A Graph Neural Network framework for analyzing cell-cell communication in cardiac spatial transcriptomics data, featuring both forward and inverse modelling capabilities.

Live Demo

Interactive Network Explorer

Explore ligand-receptor interaction networks across all six cardiac regions with our interactive web application.

Overview

GRAIL-Heart is a deep learning model designed to discover and analyze ligand-receptor (L-R) interactions in spatial transcriptomics datasets, with a focus on cardiac tissue.

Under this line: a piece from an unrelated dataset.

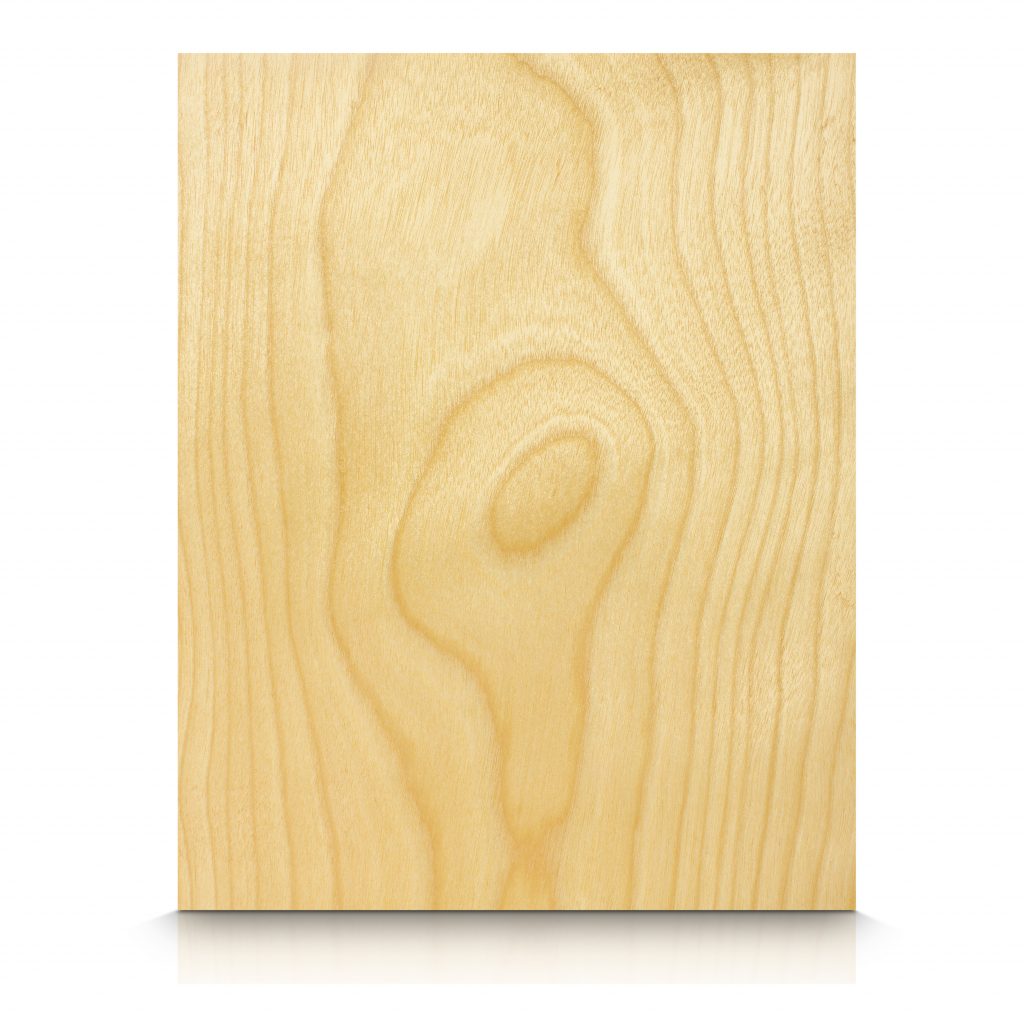 Wood Wall Panels - Birch - Birch_White_FC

The framework integrates:

  • Gene expression encoding with neural networks
  • Spatial information through positional embeddings
  • Graph attention mechanisms for neighborhood analysis
  • Multi-task learning for simultaneous prediction of L-R interactions, gene expression reconstruction, and cell type classification
  • Inverse modelling for inferring causal L-R signals that drive cell differentiation

Forward vs Inverse Modelling

Modelling Type Input Output Question Answered
Forward Expression + Spatial L-R predictions "Which L-R interactions are active?"
Inverse Observed phenotype Causal L-R signals "What signals drove this differentiation?"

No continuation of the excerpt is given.